Sampling and Sampling Distributions
Statistics draws conclusions about a population from a sample. To do so reliably, we must understand how samples behave. Sampling distributions describe the probabilistic behaviour of sample statistics across many hypothetical samples.
Population and Sample
A population is the entire collection of items of interest, described by parameters like μ and σ. A sample is a subset actually observed. Summaries of the sample, called statistics, estimate population parameters.
Random Sampling
Simple random sampling selects n items such that every subset of size n has equal chance of being chosen. Stratified, cluster, and systematic sampling are variants used when the population has natural groupings or when simple random sampling is impractical. Good sampling design is the foundation of valid inference.
Sources of Error
Sampling produces sampling error, variability simply due to chance. Non-sampling errors come from bias, measurement error, or non-response. Statistical theory quantifies sampling error but cannot fix systematic biases; careful design and data collection are essential.
Sampling Distribution of the Mean
If X1, ..., Xn are independent with mean μ and variance σ2, the sample mean X̅ has mean μ and variance σ2/n. The standard error of the mean is σ/√n. Doubling sample size halves the standard error's square, i.e. quadrupling n halves σ/√n.
Central Limit Theorem
For large n, the sample mean is approximately normal, regardless of the population distribution, provided finite variance. This central limit theorem is the foundation of most inferential techniques and justifies using the normal distribution for standardized sample means.
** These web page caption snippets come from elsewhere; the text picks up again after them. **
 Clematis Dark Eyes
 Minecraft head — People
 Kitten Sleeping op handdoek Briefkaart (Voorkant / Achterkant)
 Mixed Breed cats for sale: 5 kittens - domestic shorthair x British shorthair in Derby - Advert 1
Sampling Distribution of the Proportion
The sample proportion p̂ for a binary population has mean p and variance p(1 − p)/n. For large n, it is approximately normal with these parameters, enabling normal approximation inference for proportions and polls.
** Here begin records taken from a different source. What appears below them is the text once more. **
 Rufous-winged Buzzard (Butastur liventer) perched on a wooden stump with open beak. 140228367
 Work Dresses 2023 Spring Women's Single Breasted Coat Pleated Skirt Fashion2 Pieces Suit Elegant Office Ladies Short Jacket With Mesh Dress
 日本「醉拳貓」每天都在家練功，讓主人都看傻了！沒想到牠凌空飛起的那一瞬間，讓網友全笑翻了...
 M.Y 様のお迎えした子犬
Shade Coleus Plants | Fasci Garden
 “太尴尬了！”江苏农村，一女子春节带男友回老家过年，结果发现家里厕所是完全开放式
Sampling Distribution of the Variance
If the population is normal, (n − 1)S2/σ2 has a chi-square distribution with n − 1 degrees of freedom. This result underpins confidence intervals and tests for variances and is central to quality control.
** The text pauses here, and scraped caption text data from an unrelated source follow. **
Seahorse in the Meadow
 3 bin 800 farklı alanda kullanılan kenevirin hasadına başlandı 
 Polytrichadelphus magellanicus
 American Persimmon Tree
Finite Population Correction
When sampling a substantial fraction of a finite population without replacement, the variance of the sample mean is multiplied by a finite population correction factor (N − n)/(N − 1). It reduces the standard error when the sample is large relative to the population.
Bootstrap Methods
Modern computers enable resampling approaches. The bootstrap repeatedly samples with replacement from the observed data to approximate the sampling distribution of almost any statistic. It replaces analytical formulas with simulation and handles complicated estimators easily.
Summary
Sample statistics fluctuate from sample to sample, and that fluctuation is quantified by sampling distributions. The CLT, standard errors, and resampling methods allow us to reason about how confident we can be in estimates drawn from data.